The genre's still pretty saturated with good music. I'm finding now that some tracks are being layered with Future Bass undertones which I think works really well. Anderson.Paak is probably my favourite around at the moment.
Posted - 2016/12/01 : 13:22:33
I've got 2000 Rap tracks I need to run through for this year alone! All from zipDJ, who are the chart company for America and Canada! SO many epic tracks. I find it hard to chuck ANY of them in the bin.
Posted - 2017/01/14 : 18:00:25
He's part of this new group of mumble artists that Future birthed along with 21 Savage, Lil Uzi Vert, 300 of Montana & Lil Yachty. Don't get me wrong, the radio is FILLED with these guys, and you'll be hard pressed to find any rappity-rap lyrical rappers anytime before 10/11:00 at night (when Hot 97 and Power 105.9 or whoever do their nightly underground shows).
Fortunately there's still a million amazing rap artists out there, it's just the mainstream rap is no longer of the quality it was from 1995-2005. Rap no longer runs the airwaves anymore like it did ten years ago, and as such you'll see a lot less variety, and what the clubs/radio are playing is merely going to be this shitty top 40 ********.
That's however countered by a whole slew of amazing new artists like Lil Herb, Vince Staples, the ASAP crew, Bodega Bamz etc.
Plus you still have soon-to-be-legends like Jeezy and Game stil putting out quality material, and then you have the true legends like A Tribe Called Quest and Jay Z and Rakim and Raekwon putting out material.
AND you have all the random underground dues like El-P, Joe Budden, Killer Mike, Rock (of Heltah Skeltah) still consistently putting out material ..
Rap is in as good a place as ever. The mainstream shit might not be up to par, but is mainstream punk? Mainstream EDM? None of the shit is ever as good as it was when it hits the masses and is dumbed down a bit. But that doesn't those talented artists disappear forever, they just move away from all that publicity. Anyone who says rap is dead isn't looking hard enough.
Posted - 2017/01/14 : 20:09:10
I remember fondly back to the mid 90s going to my mates house, different part of town, it was near basketball courts and everyone there was into hip hop and rap, dressed in baggy pants and all that, you'd go to someones house and basketball would be on telly, or an NBA Playstation game, with a homemade mixtape playing in the background, feint smell of weed everywhere, half the people had a pair of decks, occasionally you'd hear a jungle tape being played round someones gaff, and when everyone had left you'd put on a film like Boyz 'n' The Hood or Juice or Menace II Society, we'd describe things we liked as 'baaad, man', magical times. Sometimes we'd play some old skool like Grandmaster Flash and try a bit of breakdancing. That's what rap and hip hop makes me think of.

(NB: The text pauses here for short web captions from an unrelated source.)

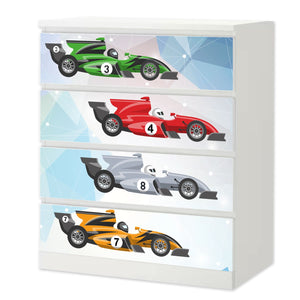 Möbelfolie IKEA Malm Rennwagen – Formel 1 Design in vier Farben - Sunnywall - Individualität trifft Design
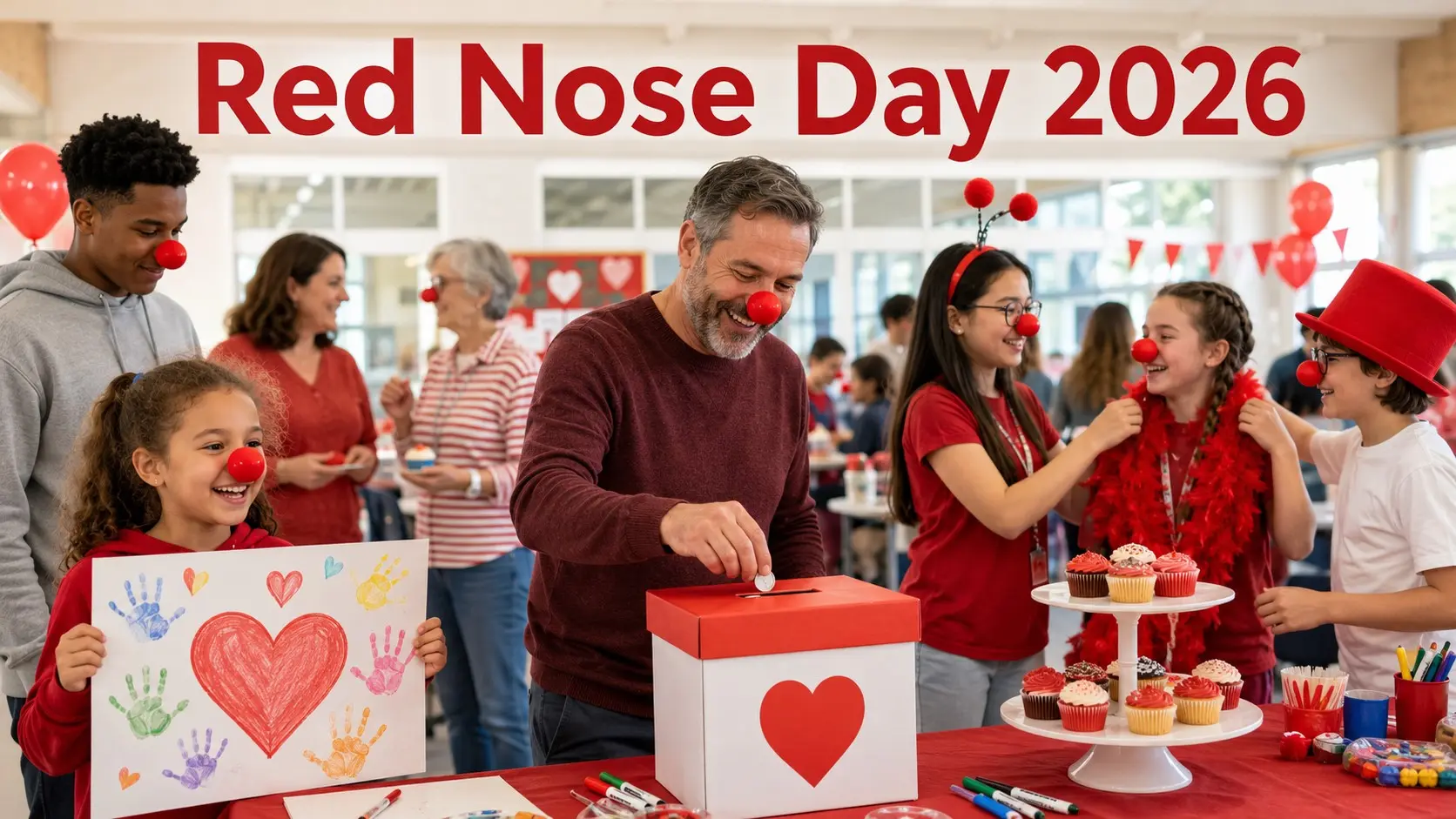 Red Nose Day 2026- Children and adults wearing red noses during a cheerful Red Nose Day community fundraiser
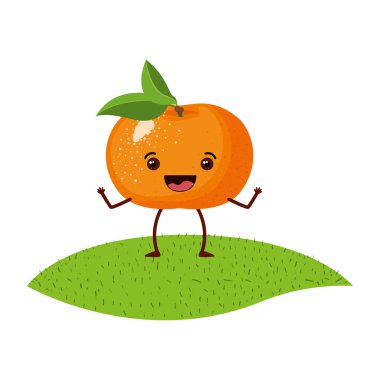 Beyaz arka plan ile gerçekçi mandalina meyve karikatür çim üzerinde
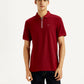 Men's Solid Red Slim Fit Polo T-shirt - Front View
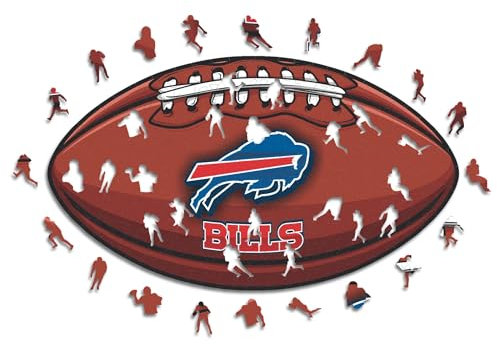 Iconic Puzzles, Buffalo Bills Crest, 100% ökologisch nachhaltiges Holzpuzzle mit offizieller Lizenz, Größe S, 150 Teile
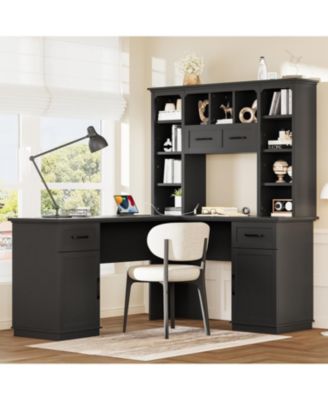 L-Shaped Desk w/ Cabinets, Drawers, Shelves & Flip-Up Storage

quote:Originally posted by Captain Triceps:
I remember fondly back to the mid 90s going to my mates house, different part of town, it was near basketball courts and everyone there was into hip hop and rap, dressed in baggy pants and all that, you'd go to someones house and basketball would be on telly, or an NBA Playstation game, with a homemade mixtape playing in the background, feint smell of weed everywhere, half the people had a pair of decks, occasionally you'd hear a jungle tape being played round someones gaff, and when everyone had left you'd put on a film like Boyz 'n' The Hood or Juice or Menace II Society, we'd describe things we liked as 'baaad, man', magical times. Sometimes we'd play some old skool like Grandmaster Flash and try a bit of breakdancing. That's what rap and hip hop makes me think of.
Not this shit.
Sounds like America!
I never really got into Rap but I do appreciate the early stuff, not just for the actual lyrics but the scene and it's story. The hardships of the African Americans and how they kept on fighting racism and how despite Rap's violent reputation they managed to turn a negative into a positive by putting their anger into lyrics
These days I hear that 'Grime' has become big for the lyricists and I have heard that 'Hip Hop is dead' a few times lately as well. Maybe changing political ad social tides and changing attitudes in general means that Rap is not quite as it was back then. When I was leaving school their was a big focus on guys like Eminem who is white but put a new focus on Hip Hop and ever since then every other white suburban kids wants to be a 'Gangsta'
Posted - 2017/02/05 : 08:46:45
Yeah that's pretty crap. Still loads of decent rap and hip hop out there though, there is so many people doing so many different things.